So.
The fuck is up with this trend?
The other night I am innocently trying to watch late night trash TV, and every other commercial is an ad for easy clip-on feather hair extensions. I literally saw the commercial over ten times and by the end I felt like I had been figuratively slapped in the face with a steaming pile of horse shit. I guess I shouldn’t pretend like I’m too surprised, considering that since the release of that abortion of a film Garden State every female with no true sense of identity thinks that throwing on some tacky thrift shift (that doesn’t match) will make her look quirky and deep.
Newsflash: it makes you look like a moron. When your clothes don’t match, and when you have what look like elementary school craft supplies elmer’s glued to the side of your head - you fucking look like shit. You are parading around your identity crisis and immaturity for all to see, so good fucking job.

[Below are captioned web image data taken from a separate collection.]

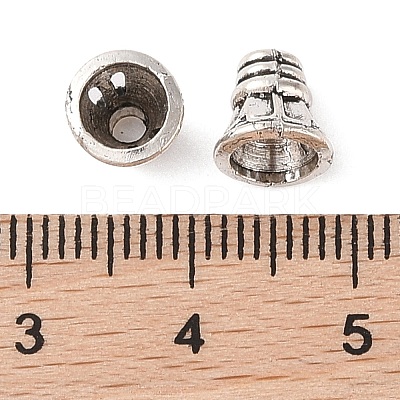 Tibetan Style Alloy Bead Cone FIND-C060-031A-AS-1
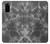 S2526 Black Marble Graphic Printed Case For Samsung Galaxy S20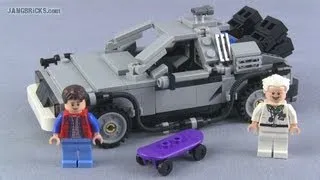 LEGO Cuusoo Back to the Future DeLorean set 21103 Review!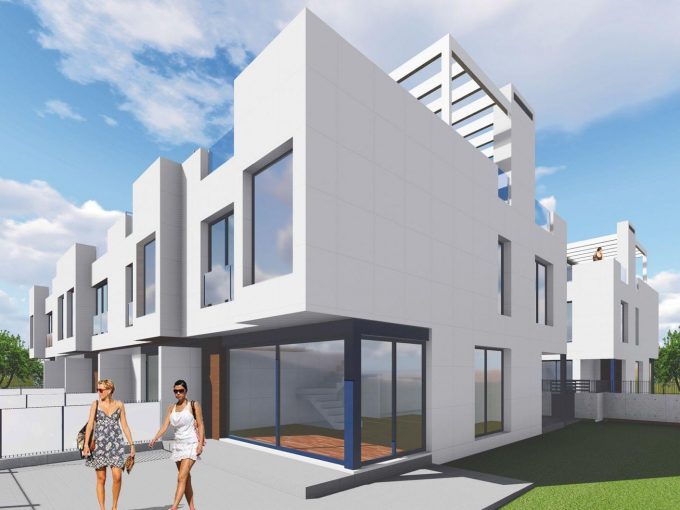 Promoción Residencial Bahia Salve, obra nueva en Las Casillas (Revista)
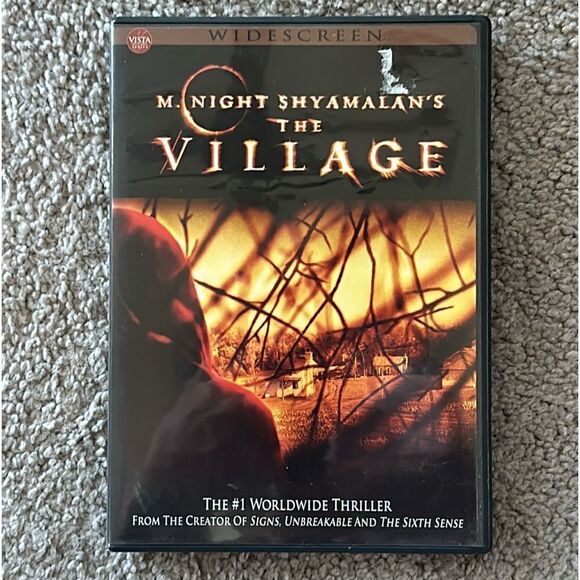 M. Night Shyamalan’s “The Village” Widescreen DVD! - Picture 5 of 5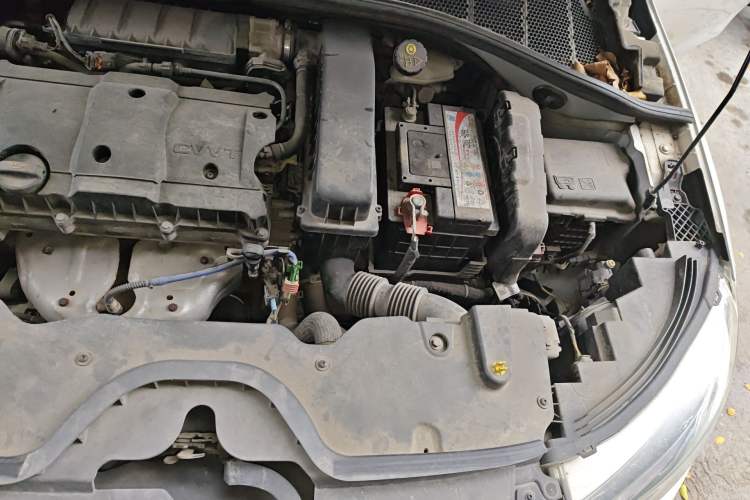 Used Citroen C3-XR 2017 1.6L Manual Pioneer Model Engine Bay Left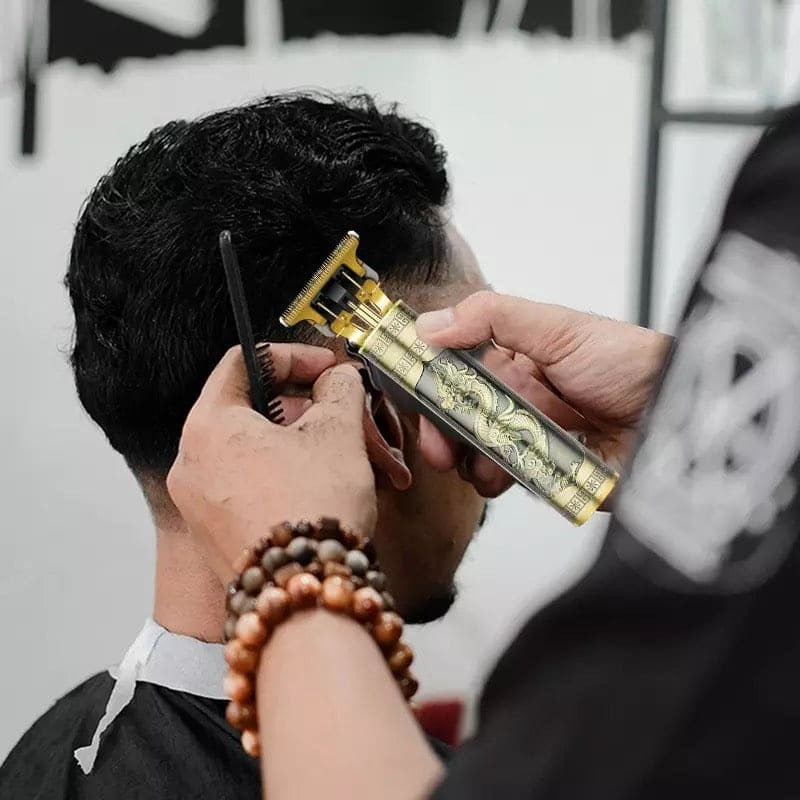 T9 Professional Hair Trimmer🔥 | Type-C Rechargeable 🔋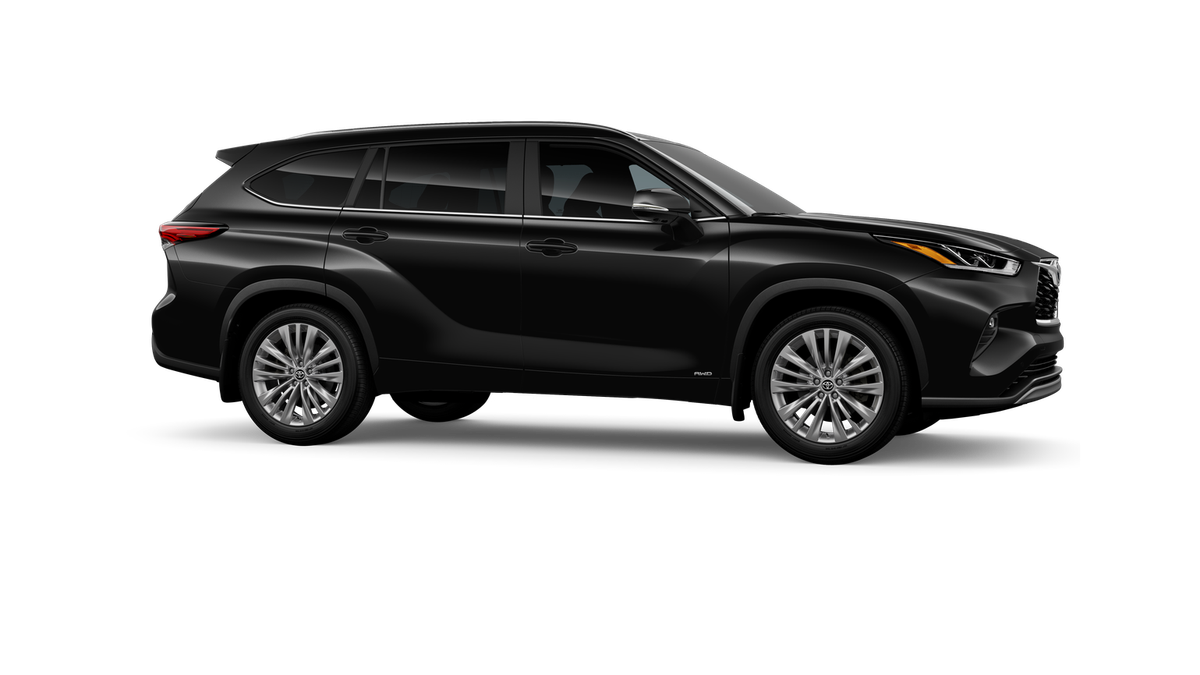 2026 Toyota Highlander Hybrid — photo 21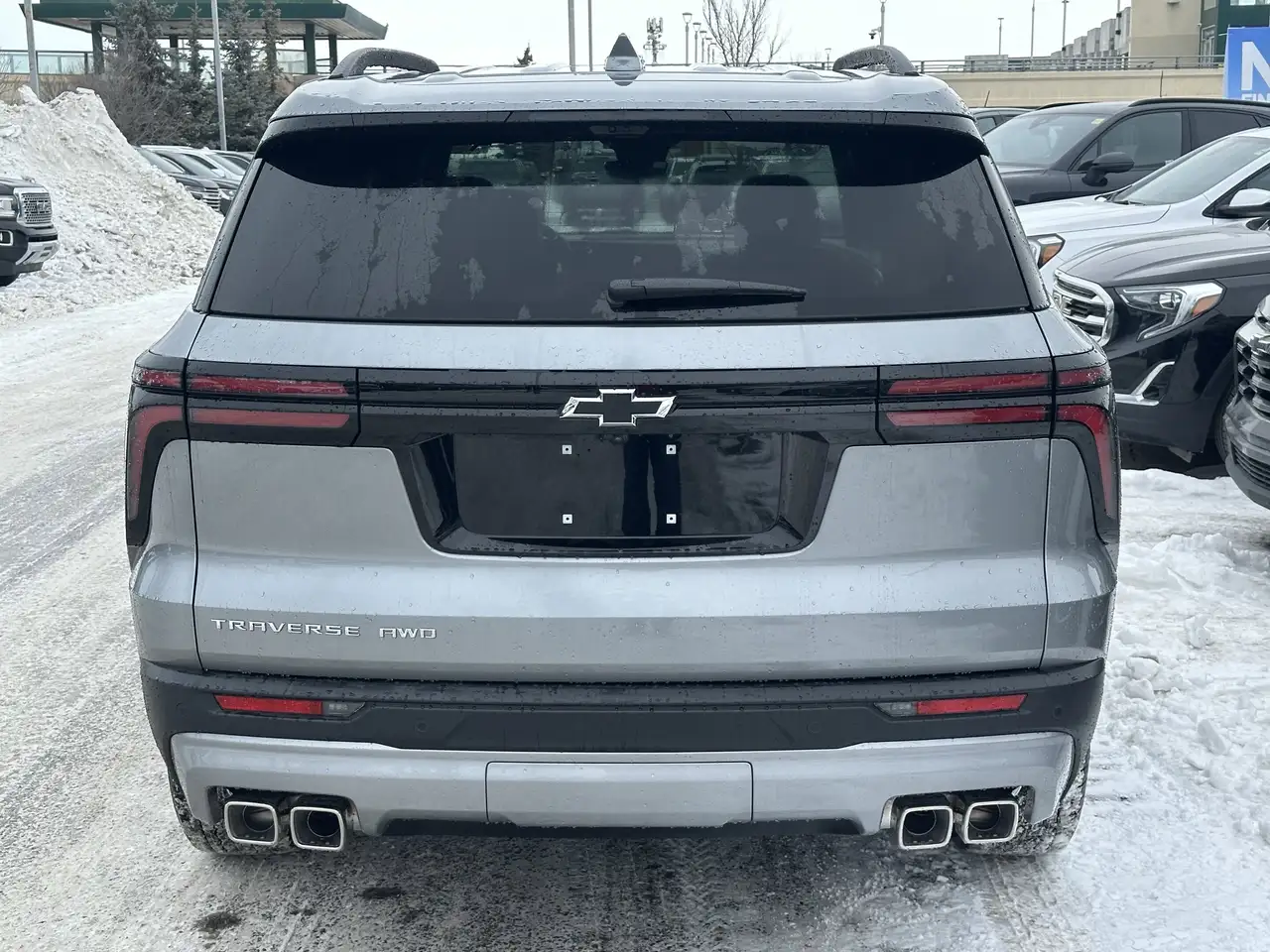 Chevrolet Traverse снимка Chevrolet Traverse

I imagine that the look most would attempt to accomplish with these fowl accessories (yes I intend the pun) would be to appear more in touch with nature, or one with the Earth. EARTHY - if you will. Well they make you look like a crazy shit who needs to take a trip to the loony bin. A few pipe cleaners and fabric and you are on a one way street to modeling a George Clinton-esque “I’m a dirty hippy who’s mind is gone and does a ton of drugs” look. How wonderful! If that is the impression you wish to convey, then fucking go for it by all means. Who am I to stop you?
Every image I could conjure for this involves a celebrity that I could only put into the category “most idiotic dimwitted fucks”. So there you go.
Oh and they are incredibly racist. If you wear these, you are a full blown racist. You might as well grab a tomahawk and jump around chanting vowel sounds. You fucking racist.